There is another strange halacha in hil. tzedaka that we learn from our parsha. Chazal (quoted in Rashi) tell us that if a person was rich and then is forced to accept charity, it’s not enough to give him what it takes for bare bones survival. You need to give him what he was used to having. The millionaire who loses it all in a stock market crash needs to be given a limo with a driver, a nice suit, etc., not be forced to take a bus and buy his clothes at Walmart. How can it be that someone who is taking charity gets to live better than most of us who are working?
Rav Wolbe in his Alei Shor explains that this din reveals to us that true tzedakah is all about empathy. Of course a person can survive taking the bus to the shopping center and wearing clothes from Walmart. He doesn’t really suffer physical or material want. But think about what that millionaire who used to have a limo and wear $2000 suits feels when he is forced to do that! For you that pair of Walmart pants may be perfectly fine, but that millionaire feels completely crushed when he puts them on. Tzedakah means being able to put yourself in that millionaire’s shoes and feel his pain. It’s not just about physical want. Even if you would not feel lacking were you in the same situation, since he feels lacking, since he feels crushed, you have a mitzvah to help him.
The last point I want to touch on is the amazing din of “lo yeira levavcha b’titcha lo,” that you can’t give tzedakah begrudgingly, with a sour face. R’ Shapira in his ma’amarim on the parsha points out that there is an idea of doing all mitzvos b’simcha. Why do we need a special din here not to feel bad about giving? Apparently here it’s just an added hidur on top of the mitzvah, but it is part and parcel of the tzurah of the mitzvah itself. Here’s how R’ Simcha Bunim m’Peshicha fulfilled this din:
R' Simcha Bunim once told his chassidim that he wanted to spent Shabbos at a certain poor person’s home. So the chassidim got to work and it was like an episode of Bob Villa’s “This Old House.” They cleaned up that poor person’s house, they replaced his table with a table that a Rebbe could use for a tisch, they replaced his plates and utensils with plates and utensils fit for a Rebbe, they overturned his whole house until it became like palace. After Shabbos, R’ Bunim came to this poor Jew and said he wanted to give him some money for the mitzvah of tzedakah. The poor person was in shock. He said, “Dear Rebbe, since you decided to spend Shabbos here my home has been turned into a new home, my table is a new table, my dishes, my furniture, my silverware are all new – everything is beautiful. You now want to give me tzedakah on top of that?!”
R’ Bunim told him yes.
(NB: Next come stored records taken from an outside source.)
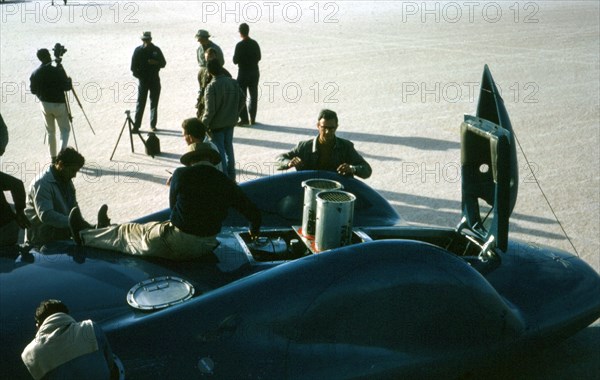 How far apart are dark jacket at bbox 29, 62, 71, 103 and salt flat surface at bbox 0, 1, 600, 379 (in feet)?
3.59

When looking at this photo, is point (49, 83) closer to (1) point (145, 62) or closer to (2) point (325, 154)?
(1) point (145, 62)

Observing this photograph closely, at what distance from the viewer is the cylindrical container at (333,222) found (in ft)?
14.9

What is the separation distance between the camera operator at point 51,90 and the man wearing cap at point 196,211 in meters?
5.62

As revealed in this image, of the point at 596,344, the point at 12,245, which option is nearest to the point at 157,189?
the point at 12,245

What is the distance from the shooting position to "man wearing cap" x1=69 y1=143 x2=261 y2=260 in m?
4.50

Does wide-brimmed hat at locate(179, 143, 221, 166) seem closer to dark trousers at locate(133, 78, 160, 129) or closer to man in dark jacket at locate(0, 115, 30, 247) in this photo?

He told this poor Jew that all that was done before was because every time he saw this person in poverty, he felt bad. “None of that was for you,” said R’ Bunim. “It was for me, so I wouldn’t feel troubled when I saw you. But now that you have a proper home, a proper table and chairs, proper silverware and dishes, I no longer feel bad. Now that I've fulfilled ‘lo yeira levavcha,’ now that it’s no longer about me and my feeling bad, I can fulfill the ‘b’titcha lo’ and give you real tzedakah.”